Federating a GraphQL gateway is straightforward with Apollo — you point it at your subgraphs, and requests start flowing. What’s harder is answering the questions that come later:
- Why is this query slow?
- Which subgraph is the bottleneck?
- How many requests are failing in the “reviews” service specifically?
Out of the box, Apollo Federation doesn’t give you much. To make it production-grade, you need observability.
Step 1: metrics and traces
We added Datadog’s GraphQL integration to our Apollo Gateway and subgraphs. With it, every query execution is automatically traced, tagged with operation name and subgraph, and shipped to Datadog. Suddenly, instead of staring at black boxes, we had flame graphs showing time spent in users
vs products
vs checkout
.
Step 2: distributed tracing across subgraphs
In Federation, a single client query might hit four subgraphs in sequence. Without distributed tracing, you only see the gateway’s perspective. With tracing enabled, you see the entire call tree. This helped us uncover that what looked like a “slow product query” was actually time spent waiting on the inventory
subgraph.
We wired Apollo’s built-in tracing extension with OpenTelemetry, which Datadog ingests natively. Here’s a minimal gateway config:
import { ApolloServer } from "apollo-server";
import { ApolloGateway } from "@apollo/gateway";
import { ApolloServerPluginInlineTrace } from "apollo-server-core";
import { datadogPlugin } from "apollo-server-datadog";
const gateway = new ApolloGateway({
serviceList: [
{ name: "users", url: "http://localhost:4001" },
{ name: "products", url: "http://localhost:4002" },
],
});
const server = new ApolloServer({
gateway,
subscriptions: false,
plugins: [
ApolloServerPluginInlineTrace(),
datadogPlugin({ apiKey: process.env.DD_API_KEY }),
],
});
server.listen().then(({ url }) => console.log(`🚀 Gateway at ${url}`));
Step 3: trade-offs
- every trace adds latency (~2–5ms per request). Fine for us, but worth measuring.
- traces can get big, especially with nested federated queries. We sampled aggressively.

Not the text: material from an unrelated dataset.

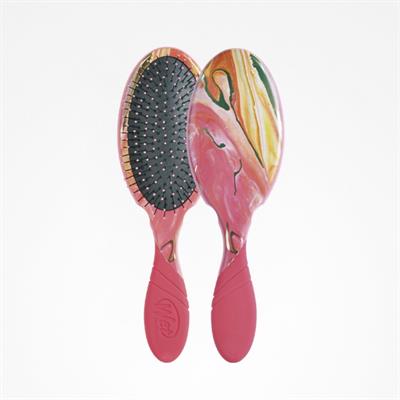 WET BRUSH PROFESSIONAL ROSE GOLD ORGANIC SWIRL PRO DETANGLER CEPILLO
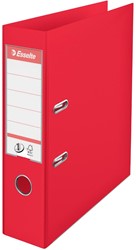 Esselte Classeur à levier Power N° 1 Vivida, ft A4, dos de 7,5 cm, rouge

- observability is only useful if engineers look at the dashboards. We built alerts around P95 latency and error rates to surface problems early.
The impact
With observability in place, we stopped guessing. One concrete win: we found a hot path where the gateway was making N+1 calls to the reviews
subgraph. Without tracing, it just looked like “queries are slow.” With tracing, the call tree made the problem obvious. Fixing it cut median latency in half.
Federation unlocks scale, but it also hides complexity. Adding observability and tracing is how you take it from “it works” to “we understand it.”